Der Staatstrojaner „made in Germany“ Gamma FinFisher wurde ohne Lizenz aus Deutschland exportiert. Das geht aus Analysen der kürzlichen geleakten Dokumente und einer parlamentarischen Anfrage hervor. Deutsche Unternehmen verdienen Millionen damit, Überwachungstechnologien an Menschenrechtsverletzer auf der ganzen Welt zu exportieren.
Dies ist ein Gastbeitrag von Ben Wagner und Claudio Guarnieri von der Forschungsstelle Internet & Menschenrechte an der Europa-Universität Viadrina. Der Beitrag erschien auch auf englisch bei Global Voices.
Von Mexiko über Mosambik bis Pakistan gibt es umfangreiche Beweise dafür, dass Regierungen auf aller Welt Überwachungstechnologien, wie FinFisher verwenden, um ihre Bürger auszuspionieren. Das hat Forscher wie uns veranlasst, die Quellen zu betrachten: Wer stellt diese Technologien her? Wer profitiert vom Verkauf?
Deutschland ist ein Hauptexporteur dieser Technologien und, da die Privatsphäre der digitalen Kommunikation ein heißes Eisen der deutschen Öffentlichkeit ist, ist das Land als Akteur in diesem Bereich noch weiter ins Zentrum gerückt.

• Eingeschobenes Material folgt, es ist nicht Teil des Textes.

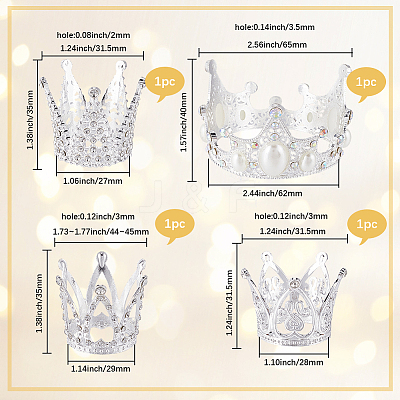 4Pcs 4 Styles Alloy Rhinestones Crown Cake Decoration DIY-SP0003-26S-1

Aufgrund eines Abgleichs von Informationen eines massiven Datenlecks Mitte August mit den Ergebnissen einer aktuellen Parlamentarischen Anfrage in Deutschland, ergibt sich der Verdacht, dass die Mehrheit der von deutschen Unternehmen hergestellten Überwachungstechnologien unter dem Tisch – das heißt ohne Lizenz – gekauft und verkauft wurden. Die deutsche Regierung verlangt Lizenzen für den Verkauf von Gütern, die als „Dual-Use-Güter“ betrachtet werden, also für Güter, die sowohl im zivilen als auch im militärischen Bereich verwendet werden können.
Im Zentrum der Untersuchung steht das britisch-deutsche Unternehmen Gamma International, Hersteller der FinFisher Überwachungswerkzeuge. Ahnungslose Überwachungsziele laden FinFisher in der Regel herunter ohne es zu wissen, indem sie auf einen vermeintlich harmlosen Link oder E-Mail-Anhang klicken. Einmal installiert, erlaubt es dem Nutzer, auf alle gespeicherten Informationen zuzugreifen und selbst verschlüsselte Kommunikation zu überwachen. Tastenanschläge werden aufgezeichnet, Skype-Unterhaltungen aufgenommen und Kameras und Mikrofone können aus der Ferne aktiviert werden.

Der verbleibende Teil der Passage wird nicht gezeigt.